[Supplied material Boundary: Start]

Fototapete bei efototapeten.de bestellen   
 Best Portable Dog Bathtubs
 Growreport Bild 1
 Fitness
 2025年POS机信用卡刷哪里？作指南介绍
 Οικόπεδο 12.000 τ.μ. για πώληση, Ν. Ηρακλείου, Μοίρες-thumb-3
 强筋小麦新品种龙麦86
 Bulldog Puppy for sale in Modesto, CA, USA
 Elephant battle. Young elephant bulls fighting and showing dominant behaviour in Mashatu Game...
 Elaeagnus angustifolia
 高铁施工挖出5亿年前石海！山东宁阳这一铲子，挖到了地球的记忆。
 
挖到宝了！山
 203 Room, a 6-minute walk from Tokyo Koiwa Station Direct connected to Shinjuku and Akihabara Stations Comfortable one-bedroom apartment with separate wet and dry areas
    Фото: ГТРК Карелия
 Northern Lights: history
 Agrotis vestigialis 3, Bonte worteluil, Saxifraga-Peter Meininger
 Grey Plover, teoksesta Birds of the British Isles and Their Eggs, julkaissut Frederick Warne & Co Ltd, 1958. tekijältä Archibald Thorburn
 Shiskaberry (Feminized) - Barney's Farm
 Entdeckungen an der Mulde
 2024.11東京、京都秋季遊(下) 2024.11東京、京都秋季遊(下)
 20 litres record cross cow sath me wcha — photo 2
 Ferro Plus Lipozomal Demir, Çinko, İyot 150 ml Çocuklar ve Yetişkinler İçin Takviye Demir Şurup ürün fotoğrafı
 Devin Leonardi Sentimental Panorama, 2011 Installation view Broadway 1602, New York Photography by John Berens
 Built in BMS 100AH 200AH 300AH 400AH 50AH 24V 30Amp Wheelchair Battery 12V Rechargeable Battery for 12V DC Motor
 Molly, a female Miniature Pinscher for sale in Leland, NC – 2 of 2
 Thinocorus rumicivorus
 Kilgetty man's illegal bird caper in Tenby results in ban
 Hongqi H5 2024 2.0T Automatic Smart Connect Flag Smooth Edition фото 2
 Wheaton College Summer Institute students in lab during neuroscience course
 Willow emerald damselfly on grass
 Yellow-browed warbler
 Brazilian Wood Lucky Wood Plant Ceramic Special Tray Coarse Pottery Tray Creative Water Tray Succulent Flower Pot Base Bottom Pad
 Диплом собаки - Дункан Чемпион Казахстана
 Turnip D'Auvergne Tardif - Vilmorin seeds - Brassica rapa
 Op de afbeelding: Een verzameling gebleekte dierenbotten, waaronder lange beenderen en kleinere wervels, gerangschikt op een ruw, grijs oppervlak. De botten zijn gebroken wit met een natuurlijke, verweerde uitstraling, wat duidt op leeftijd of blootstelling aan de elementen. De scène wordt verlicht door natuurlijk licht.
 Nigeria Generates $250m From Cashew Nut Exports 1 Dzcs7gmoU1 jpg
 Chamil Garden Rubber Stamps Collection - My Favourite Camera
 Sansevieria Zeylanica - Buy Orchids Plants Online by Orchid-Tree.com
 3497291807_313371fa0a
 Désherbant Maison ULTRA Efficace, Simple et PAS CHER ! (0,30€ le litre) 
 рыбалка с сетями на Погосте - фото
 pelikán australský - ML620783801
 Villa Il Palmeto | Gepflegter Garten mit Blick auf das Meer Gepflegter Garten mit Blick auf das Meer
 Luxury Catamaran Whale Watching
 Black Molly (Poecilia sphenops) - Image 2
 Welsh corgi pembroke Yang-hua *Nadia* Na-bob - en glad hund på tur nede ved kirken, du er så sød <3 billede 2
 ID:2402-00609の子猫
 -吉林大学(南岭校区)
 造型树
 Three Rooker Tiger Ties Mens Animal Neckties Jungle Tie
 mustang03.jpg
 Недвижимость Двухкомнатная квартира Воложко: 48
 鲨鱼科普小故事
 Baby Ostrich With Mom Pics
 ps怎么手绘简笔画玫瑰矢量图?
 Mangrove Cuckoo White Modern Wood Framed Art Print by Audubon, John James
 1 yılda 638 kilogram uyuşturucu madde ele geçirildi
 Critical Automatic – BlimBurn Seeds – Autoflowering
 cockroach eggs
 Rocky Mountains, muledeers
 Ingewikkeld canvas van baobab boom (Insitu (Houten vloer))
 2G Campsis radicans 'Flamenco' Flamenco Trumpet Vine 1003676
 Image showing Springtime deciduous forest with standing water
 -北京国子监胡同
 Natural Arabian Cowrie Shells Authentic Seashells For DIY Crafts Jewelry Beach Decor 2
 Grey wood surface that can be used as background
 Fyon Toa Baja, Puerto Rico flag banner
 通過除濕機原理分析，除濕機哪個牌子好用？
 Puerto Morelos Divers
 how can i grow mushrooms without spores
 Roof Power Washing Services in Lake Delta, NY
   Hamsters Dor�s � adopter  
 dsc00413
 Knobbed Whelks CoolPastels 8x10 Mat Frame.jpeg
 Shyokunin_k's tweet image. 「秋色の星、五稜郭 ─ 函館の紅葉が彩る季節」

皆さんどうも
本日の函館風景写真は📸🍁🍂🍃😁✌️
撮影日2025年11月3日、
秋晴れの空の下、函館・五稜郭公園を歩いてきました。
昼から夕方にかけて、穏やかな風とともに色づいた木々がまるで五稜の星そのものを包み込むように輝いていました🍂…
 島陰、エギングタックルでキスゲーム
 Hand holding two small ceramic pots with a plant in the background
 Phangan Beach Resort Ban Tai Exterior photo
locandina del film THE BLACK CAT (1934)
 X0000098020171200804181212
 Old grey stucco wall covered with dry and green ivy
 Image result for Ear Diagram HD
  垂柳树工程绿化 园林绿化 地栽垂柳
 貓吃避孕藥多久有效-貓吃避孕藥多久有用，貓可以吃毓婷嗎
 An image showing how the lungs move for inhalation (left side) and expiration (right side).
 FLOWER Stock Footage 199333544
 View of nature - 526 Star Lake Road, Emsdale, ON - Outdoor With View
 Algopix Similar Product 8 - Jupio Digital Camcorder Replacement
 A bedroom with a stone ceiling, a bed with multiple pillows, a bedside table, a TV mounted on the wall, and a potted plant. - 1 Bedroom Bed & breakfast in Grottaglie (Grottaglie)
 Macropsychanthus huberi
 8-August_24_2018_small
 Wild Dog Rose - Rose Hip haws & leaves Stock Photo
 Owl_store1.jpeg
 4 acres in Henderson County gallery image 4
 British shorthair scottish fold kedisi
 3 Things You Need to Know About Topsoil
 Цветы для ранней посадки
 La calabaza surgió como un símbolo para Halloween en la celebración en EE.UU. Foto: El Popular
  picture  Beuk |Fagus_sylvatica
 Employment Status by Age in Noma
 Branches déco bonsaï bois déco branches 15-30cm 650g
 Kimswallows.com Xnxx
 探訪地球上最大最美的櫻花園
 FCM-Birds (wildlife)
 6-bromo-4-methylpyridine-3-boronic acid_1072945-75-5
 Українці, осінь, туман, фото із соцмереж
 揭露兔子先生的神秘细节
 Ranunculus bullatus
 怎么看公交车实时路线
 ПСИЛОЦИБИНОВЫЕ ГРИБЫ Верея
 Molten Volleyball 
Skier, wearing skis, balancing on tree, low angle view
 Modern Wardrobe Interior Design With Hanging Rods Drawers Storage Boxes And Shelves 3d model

[Supplied material Boundary: End]

Copy out word for word each line of the listing, from the very first line down to the line containing "Shiskaberry (Feminized) - Barney's Farm", and stop after that line.

■ **Task response**
Fototapete bei efototapeten.de bestellen   
 Best Portable Dog Bathtubs
 Growreport Bild 1
 Fitness
 2025年POS机信用卡刷哪里？作指南介绍
 Οικόπεδο 12.000 τ.μ. για πώληση, Ν. Ηρακλείου, Μοίρες-thumb-3
 强筋小麦新品种龙麦86
 Bulldog Puppy for sale in Modesto, CA, USA
 Elephant battle. Young elephant bulls fighting and showing dominant behaviour in Mashatu Game...
 Elaeagnus angustifolia
 高铁施工挖出5亿年前石海！山东宁阳这一铲子，挖到了地球的记忆。
 
挖到宝了！山
 203 Room, a 6-minute walk from Tokyo Koiwa Station Direct connected to Shinjuku and Akihabara Stations Comfortable one-bedroom apartment with separate wet and dry areas
    Фото: ГТРК Карелия
 Northern Lights: history
 Agrotis vestigialis 3, Bonte worteluil, Saxifraga-Peter Meininger
 Grey Plover, teoksesta Birds of the British Isles and Their Eggs, julkaissut Frederick Warne & Co Ltd, 1958. tekijältä Archibald Thorburn
 Shiskaberry (Feminized) - Barney's Farm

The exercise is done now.